→ **Activity**
A verbatim repeat of the lines below is required, with the pictures removed.

→ **Crawled caption data**
* * * * *
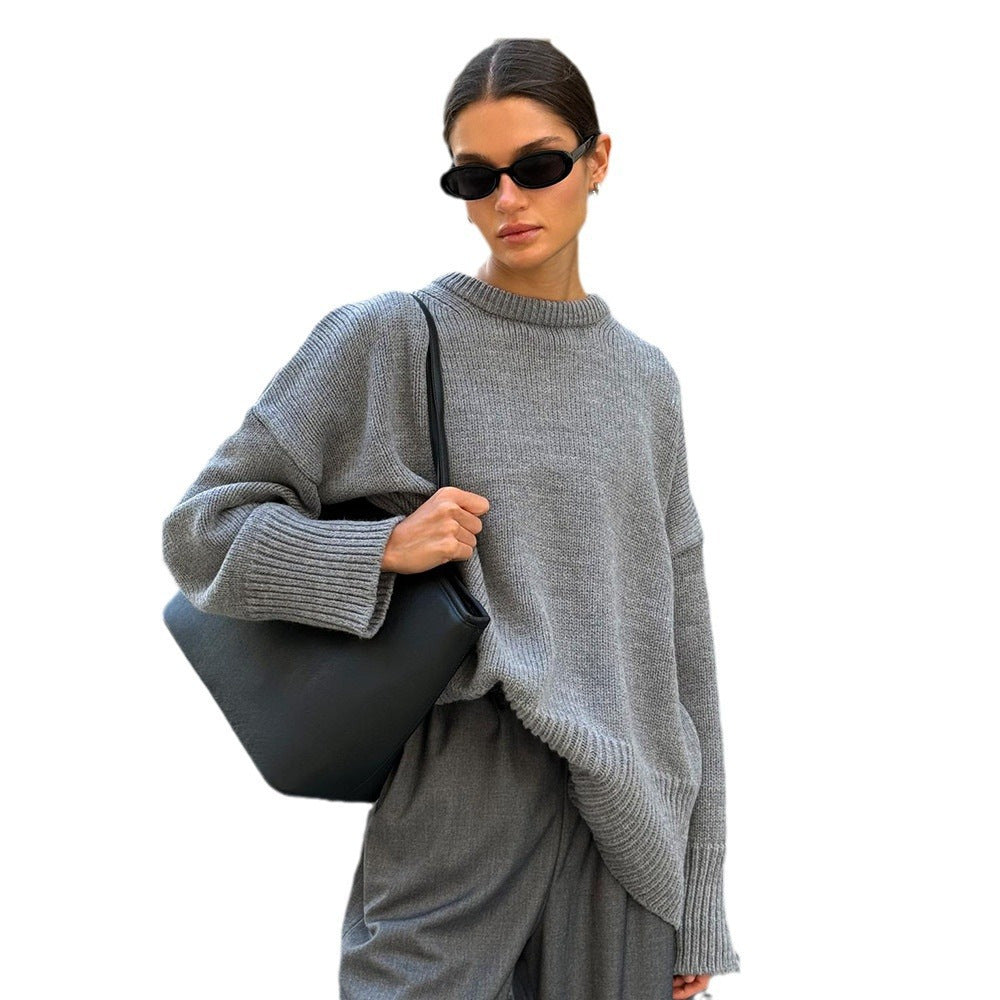 Damernas mjuka oversized stickad tröja med breda muddar Mirla-Eva Jonsson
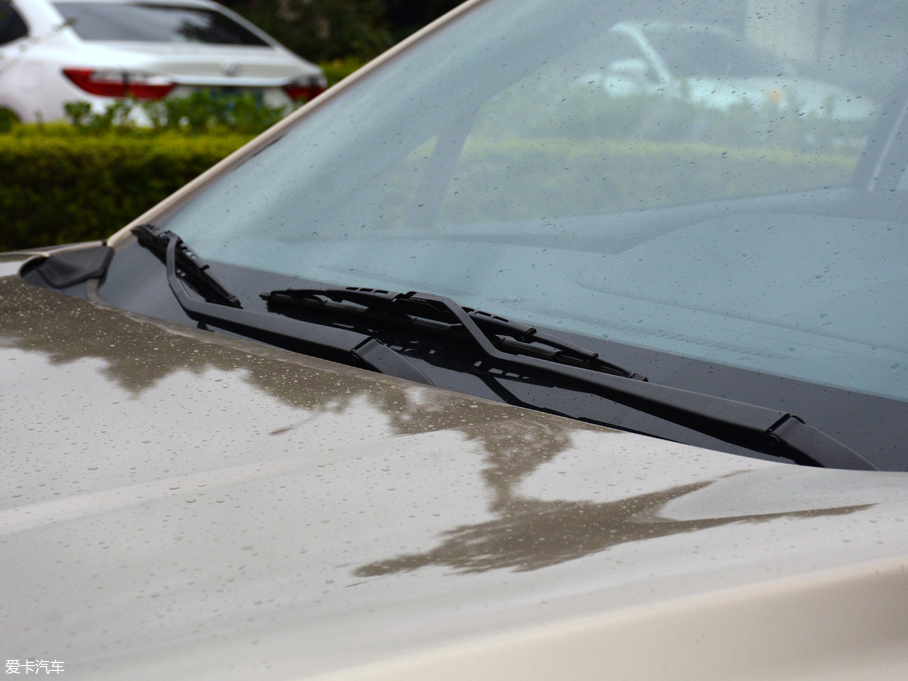 2018GS4 235T ԄӃA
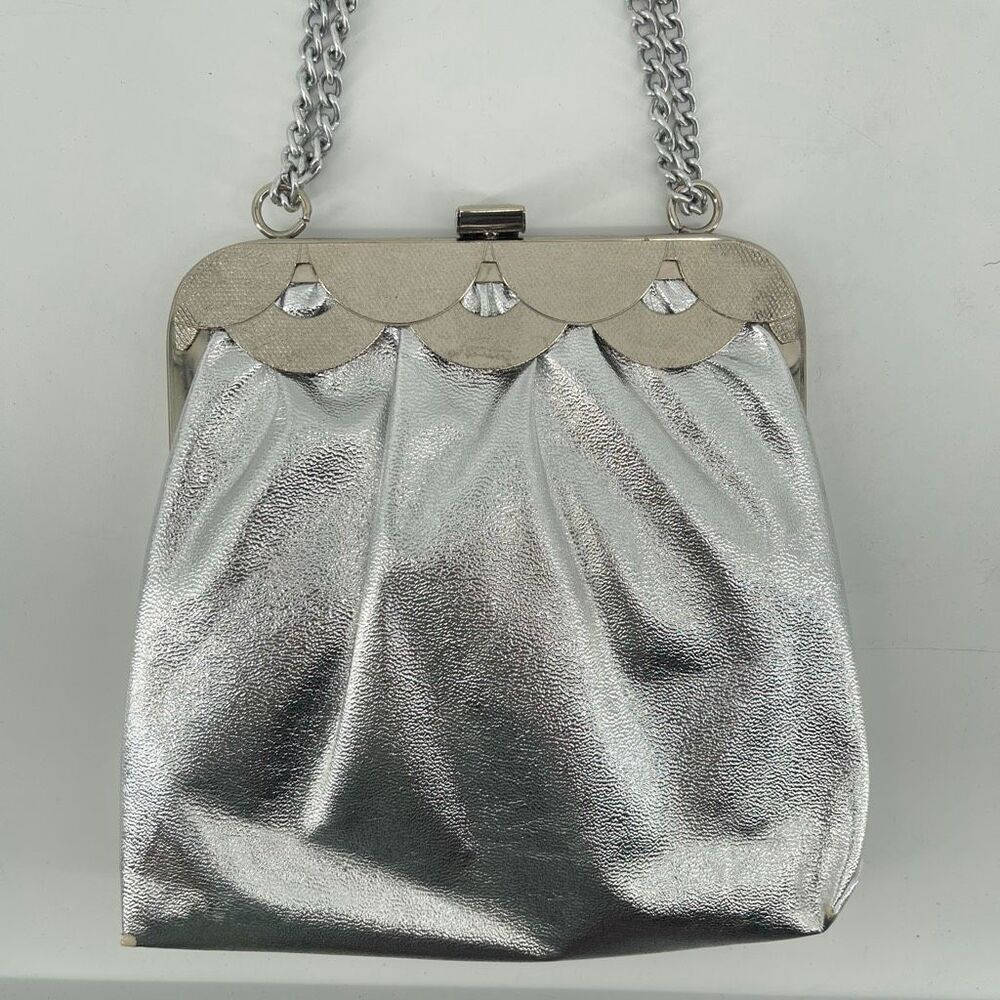 Vintage Metallic Silver Scalloped Frame Evening Bag Chain Shoulder Strap - Picture 3 of 16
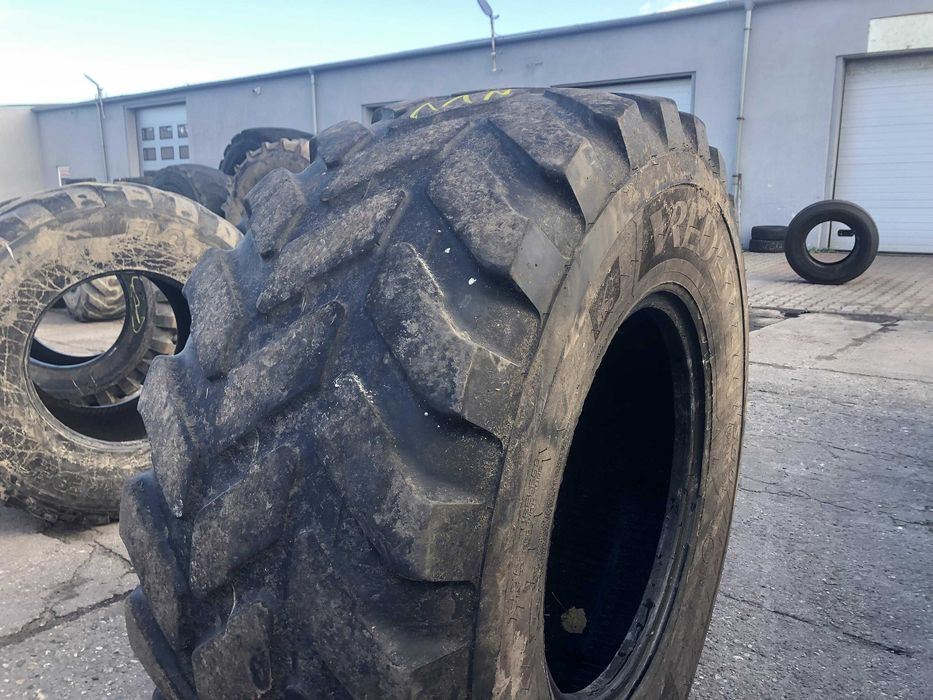 Opona Używana 500/70r24 Vredestein 19.5l24 Radial 40% Bieżnika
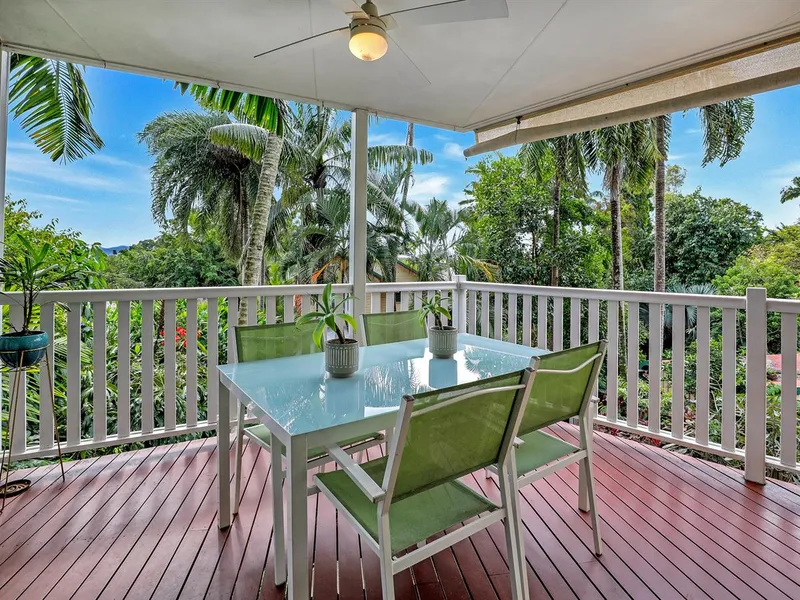 Stunning & Modern Queenslander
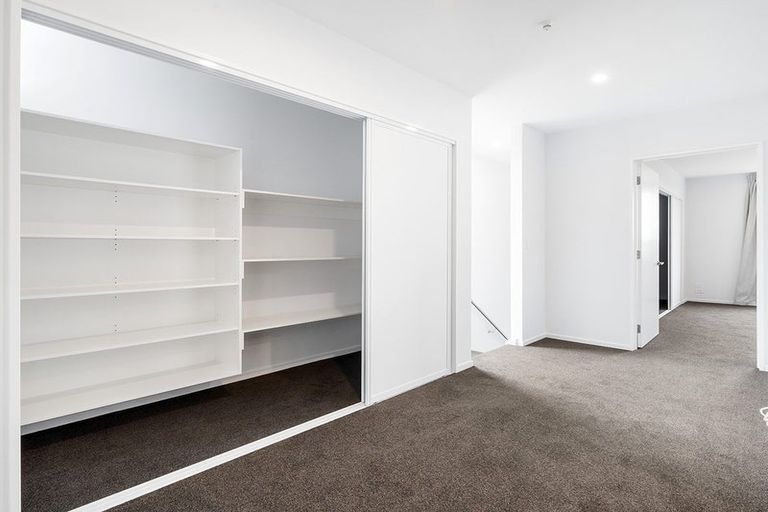 Photo of property in 1 Malaga Crescent, Harewood, Christchurch, 8051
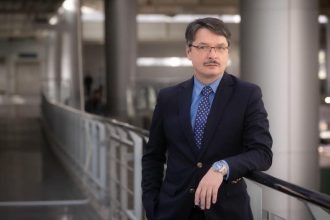 Prof. Jerzy Smardzewski o wyzwaniach polskiego meblarstwa.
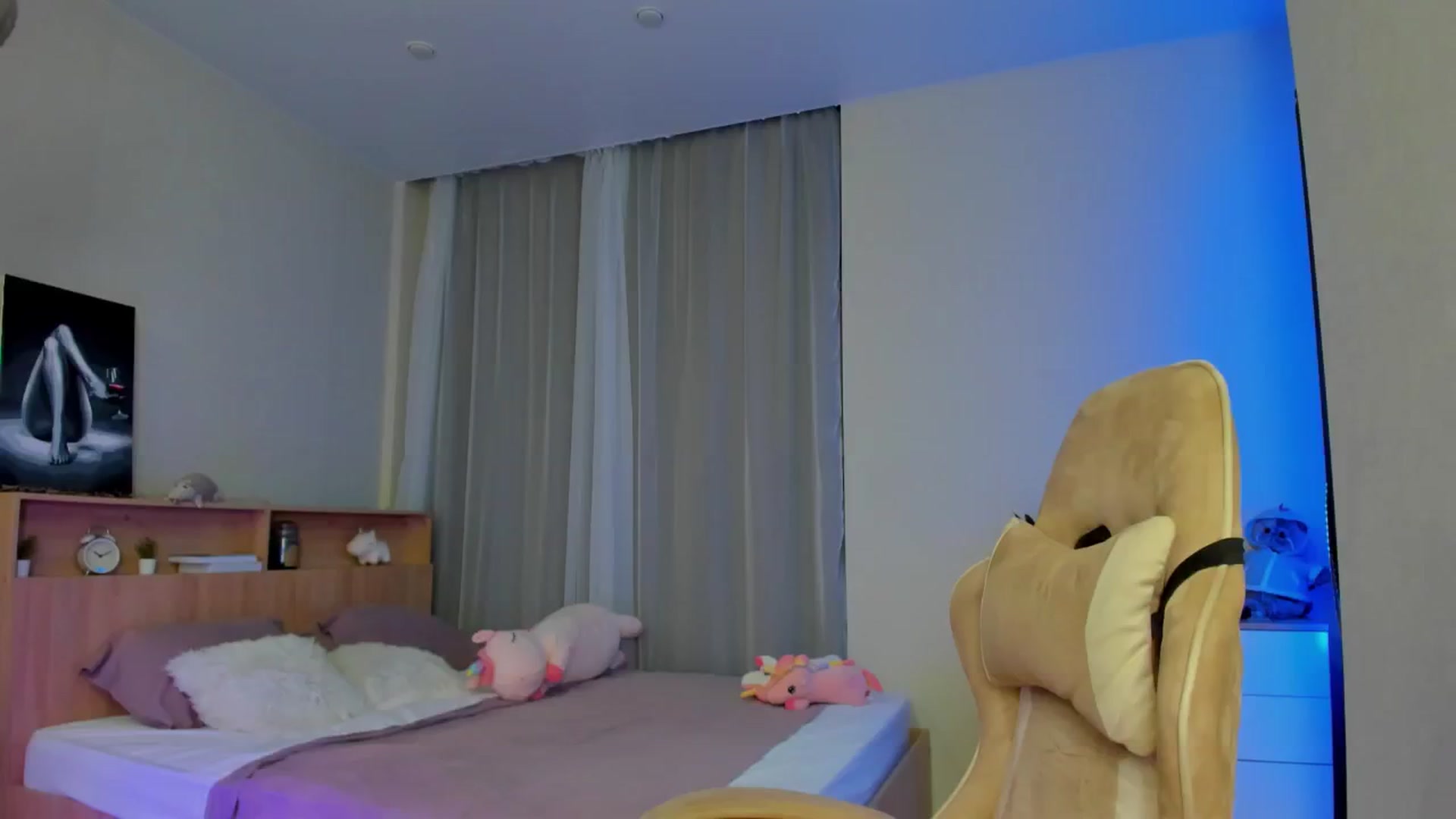 Gallery image thumbnail from Make_my_Luck's myfreecams stream on, 07/28/2024, 20:36 image 13 of 20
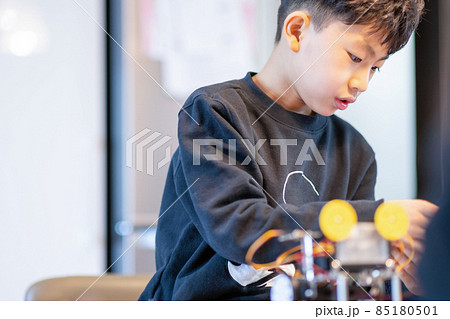 子供 一人 1人 85180501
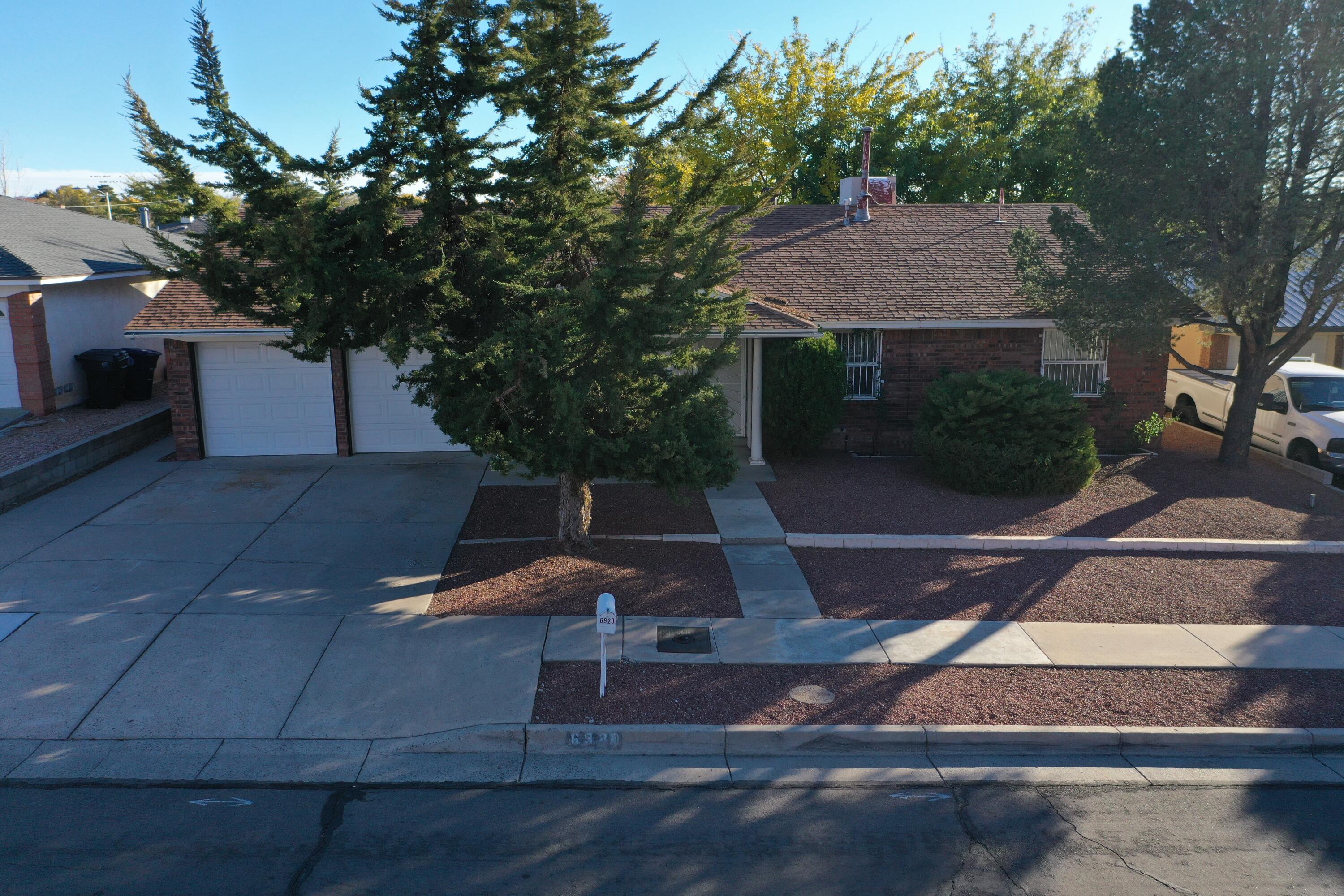 6920 Avenida La Costa NE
* * * * *
→ **Completed exercise**
 Damernas mjuka oversized stickad tröja med breda muddar Mirla-Eva Jonsson
 2018GS4 235T ԄӃA
 Vintage Metallic Silver Scalloped Frame Evening Bag Chain Shoulder Strap - Picture 3 of 16
 Opona Używana 500/70r24 Vredestein 19.5l24 Radial 40% Bieżnika
 Stunning & Modern Queenslander
 Photo of property in 1 Malaga Crescent, Harewood, Christchurch, 8051
 Prof. Jerzy Smardzewski o wyzwaniach polskiego meblarstwa.
 Gallery image thumbnail from Make_my_Luck's myfreecams stream on, 07/28/2024, 20:36 image 13 of 20
 子供 一人 1人 85180501
 6920 Avenida La Costa NE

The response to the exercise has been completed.